**EXTRACTED INFORMATION**
============

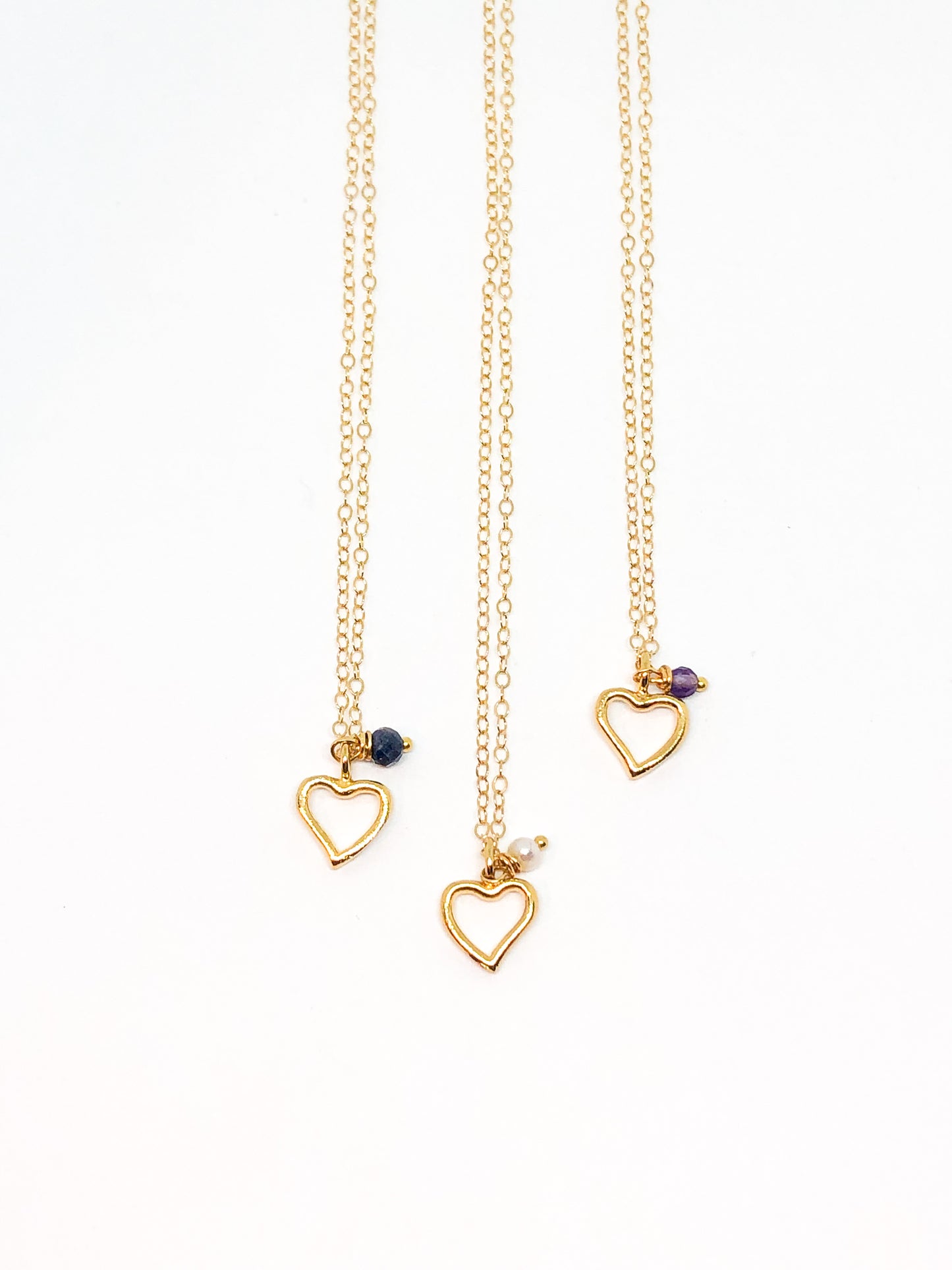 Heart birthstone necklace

============

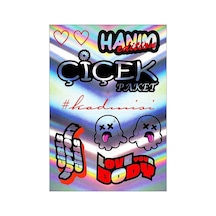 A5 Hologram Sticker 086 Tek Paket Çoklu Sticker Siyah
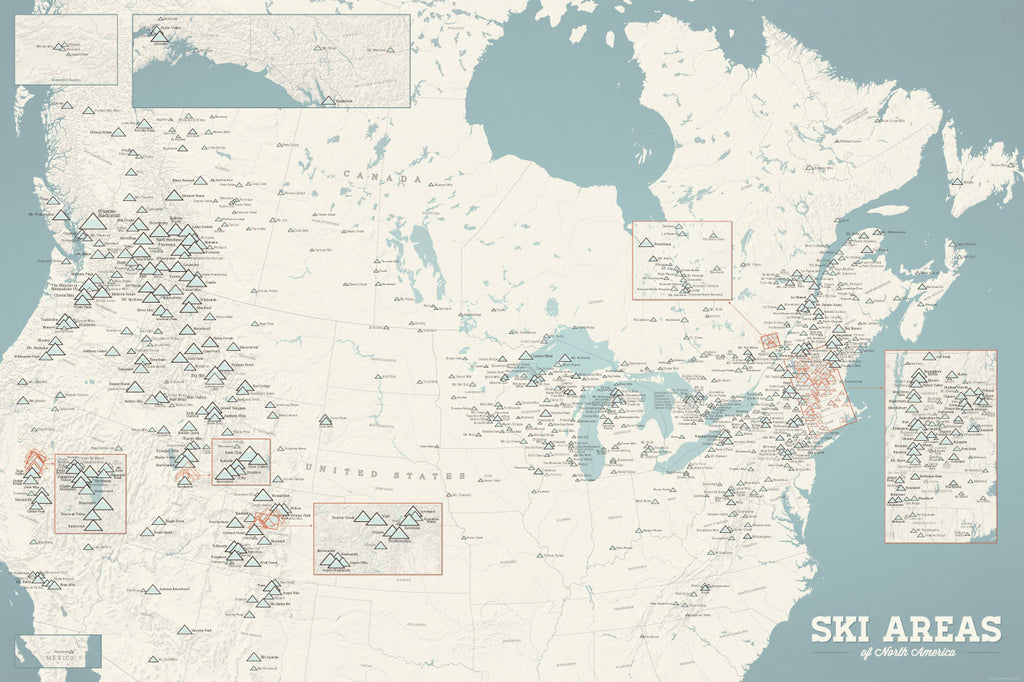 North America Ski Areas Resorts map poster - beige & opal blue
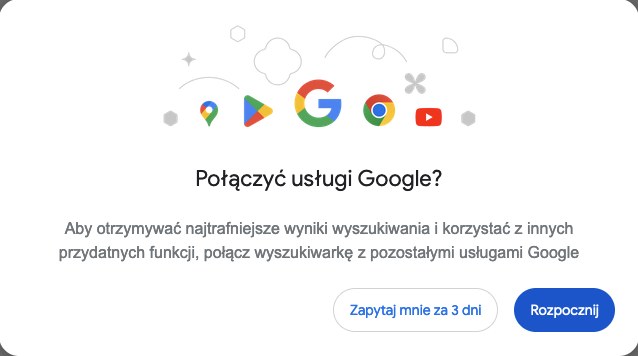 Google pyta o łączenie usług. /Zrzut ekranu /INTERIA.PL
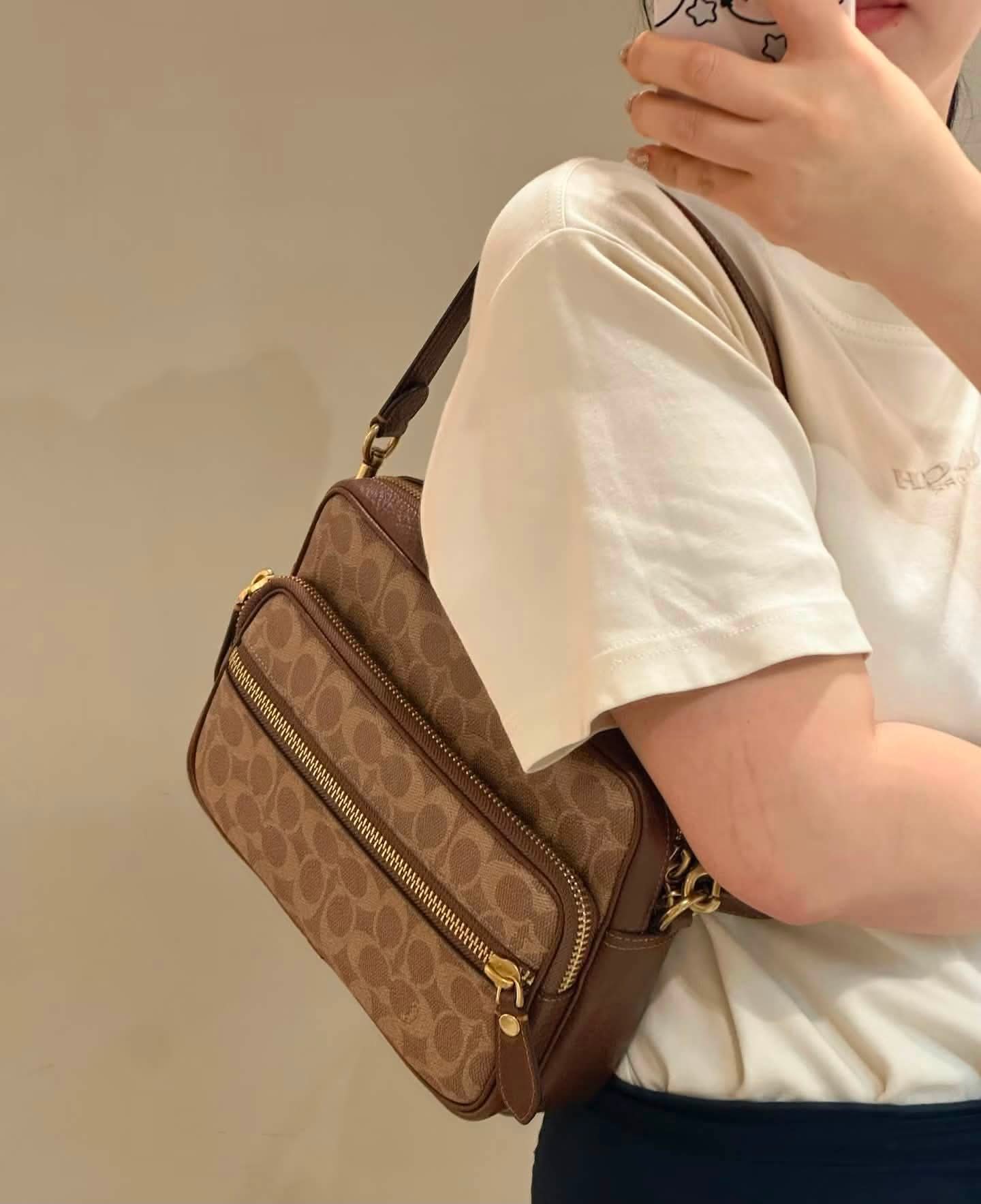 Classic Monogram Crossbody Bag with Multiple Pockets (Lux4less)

============

**WHAT THE TASK ASKS**
In the entries above, find the line containing "Google pyta o" and the line containing "Classic Monogram Crossbody"; give again exactly those two lines and every line between them, minus the pictures.

**WRITTEN RESPONSE**
 Google pyta o łączenie usług. /Zrzut ekranu /INTERIA.PL
 Classic Monogram Crossbody Bag with Multiple Pockets (Lux4less)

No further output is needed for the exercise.